In a related issue, after mapping DFAs to Turing machines (where the "state" is not the main form of storage), and then mapping Turing machines to real computers, we are then asked to map real computers back onto DFAs. But this time, we're using "state" in the sense of the complete configuration of a computer's memory, registers, hard drives, and whatever...and mapping that back onto the DFA sense of "state". Meaning we end up with a DFA with two-to-the-trillionth-power different states or something, as you've mentioned below, and it seems like a technicality to call that "finite". However, this is indeed what people mean in saying a real computer is only as powerful as a DFA.

It seems to me that this mixed use in the discussion of any form of finite state automata is extremely confusing. Either a turing machine has infinite states,

(in the sense of "state" used in talking about real computers, it does...)

or a "real computer" is a turing machine with restricted memory. If we accept that a "real computer" is equivelent to a DFA then we shouldnt discuss Turing machines as though they were finite state machines. Also in todays market of mass storage devices and backup tapes IMO a modern computer has essentially infinte resources to work with. After all we could keep adding new harddrives ad nauseum.

This is true and I've added it to the article.

I also think that the merging of state and memory is problematic as it implies that the state of the machine is a holistic one comprising of the combined state of every mass storage device and memory address that the computer can access. Since a single byte of RAM implies 256 distinct states a computer with a few terabytes of mass storage available and a few gigabytes of memory would have more states than there are atoms in the universe. Add a network connection and the number of states that the machine can be in just explodes.

Right. And that is what they mean. It's a huge number but it is still finite and that's their point. I've tried to address the distance between that and any practical limitations, in my addition to the article.

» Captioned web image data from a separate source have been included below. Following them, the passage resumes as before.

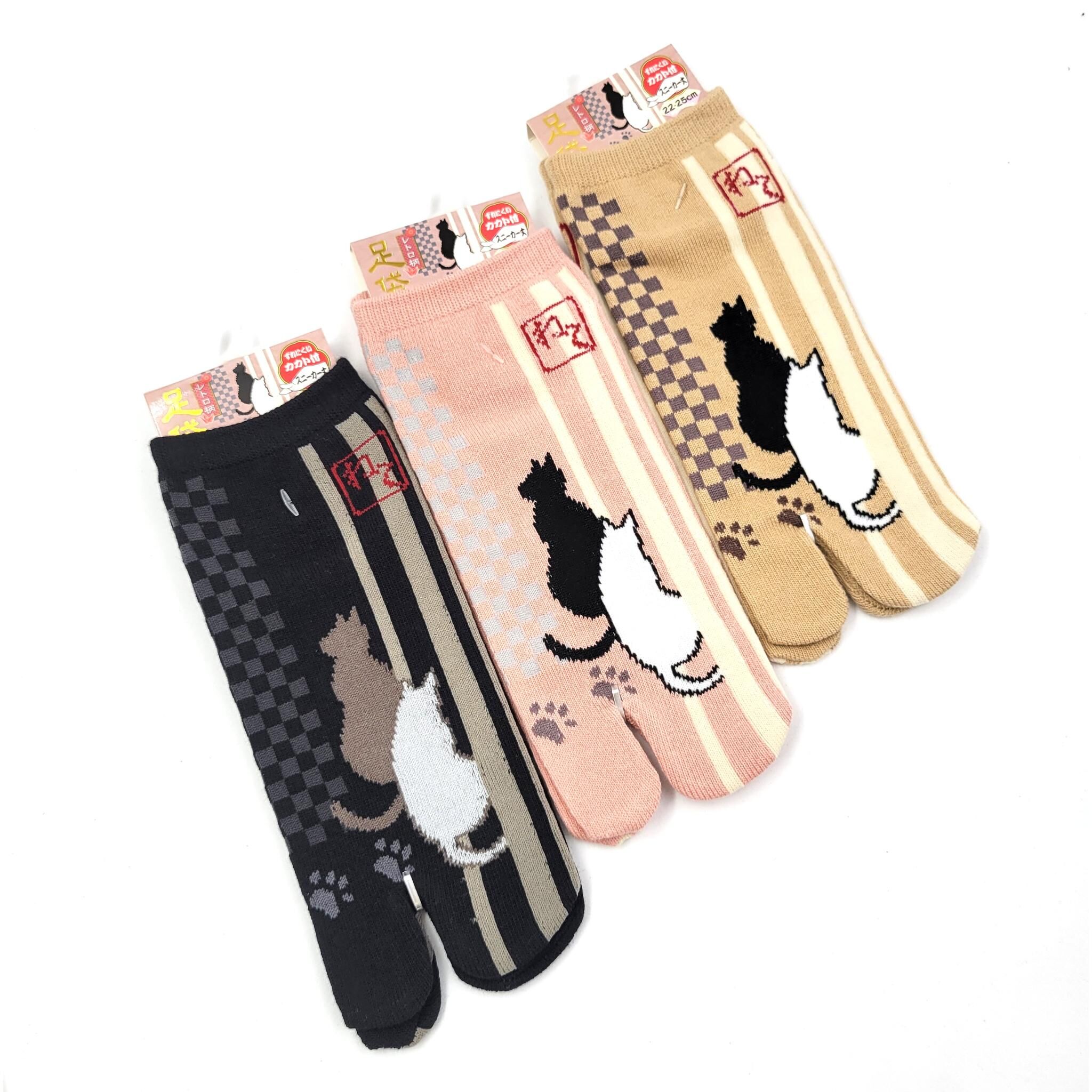 Japanese Tabi Socks in Cotton with Black and White Cat Pattern, Size 34-40
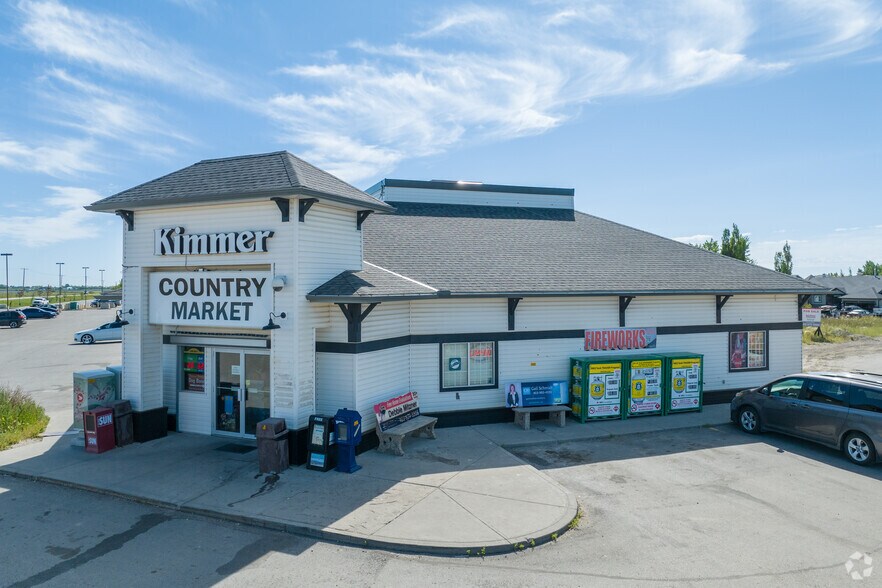 More Photos Of 708 Centre St, Rocky View No 44 Storefront For Lease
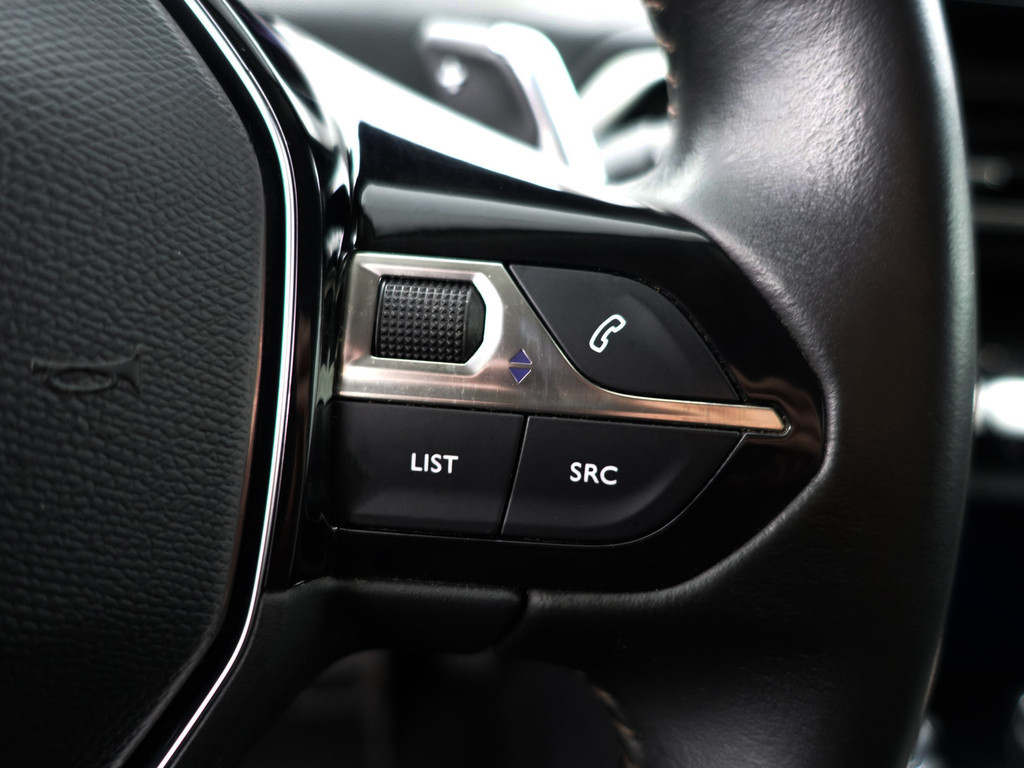 
								Peugeot 3008 1.2 PureTech Premium Aut- Xenon Led, 360 Camera, CarPlay, Carbon, Lane Assist, Keyless, Dynamic Select, Virtual Cockpit vol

Maybe this is just the ramblings of a confused man, but personally i feel that there is a problem here. Some areas where it gets confusing is that in other documents we see that one requires a turing machine to process a type 0 language and that DFA's and NFA's can only handle a type 3 language. However if a "real computer" is really a DFA then how can it process a type 0 language like C which requires handling recursive constructs (which we know a DFA cannot.)

A real computer can't necessarily process a fifty petabyte C program. Not that there is any such thing AFAIK.

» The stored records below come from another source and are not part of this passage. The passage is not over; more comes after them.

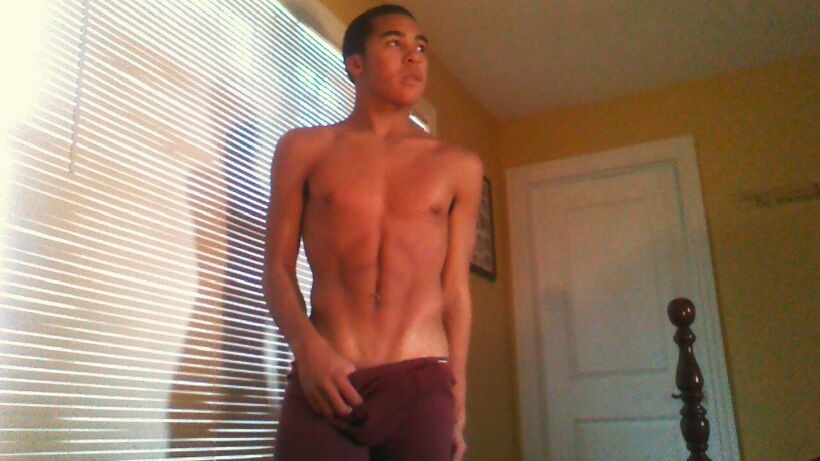 straightboyselfpics:  Jayden 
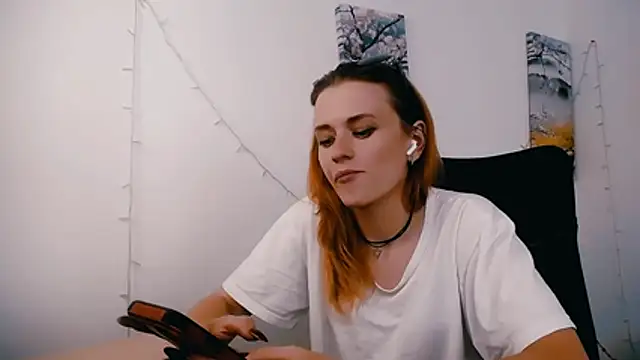 PeppyMia webcam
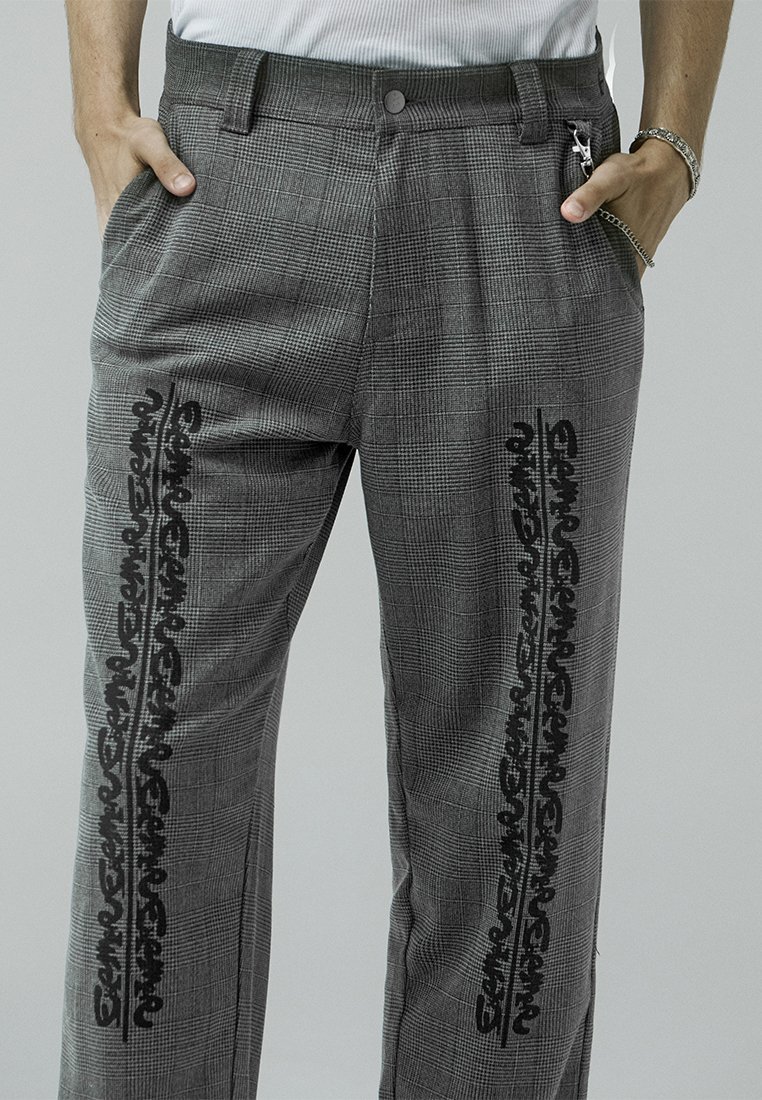 Voormalige nette broek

DanielCristofani 10:04, 16 May 2005 (UTC)

I think that however you slice it there is something misleading in calling a "real computer" a DFA.

(an anonymous contributor)

The two papers on the Turing Test clearly shouldn't be here. Paterson's Worms are more of a judgement call, but the analogy is less close than in the case of Langton's Ant, and I don't know that anyone has suggested they might be Turing-complete.

The edit at 05:45, 30 July 2005 by 202.56.193.222 just removed the artist's conception of a turing machine without any reason given. Is there anything wrong with it? Does anyone object if I put the picture back? --Lemontea 13:34, 30 July 2005 (UTC)

I posted to the anon user's empty talk page asking why he deleted the image. Let's wait a day and if we don't get a response, reintroduce it. Rmrfstar 14:20, 30 July 2005 (UTC)

I have just reintroduced the image into the article because we have heard no justification for its removal and some users have requested its reimplementation. -- Rmrfstar 21:25, 31 July 2005 (UTC)

Hi,

We have a weird reference on the french Wikipedia (fr.wikipedia.org), about Turing Machines made of optical rays, or marbles...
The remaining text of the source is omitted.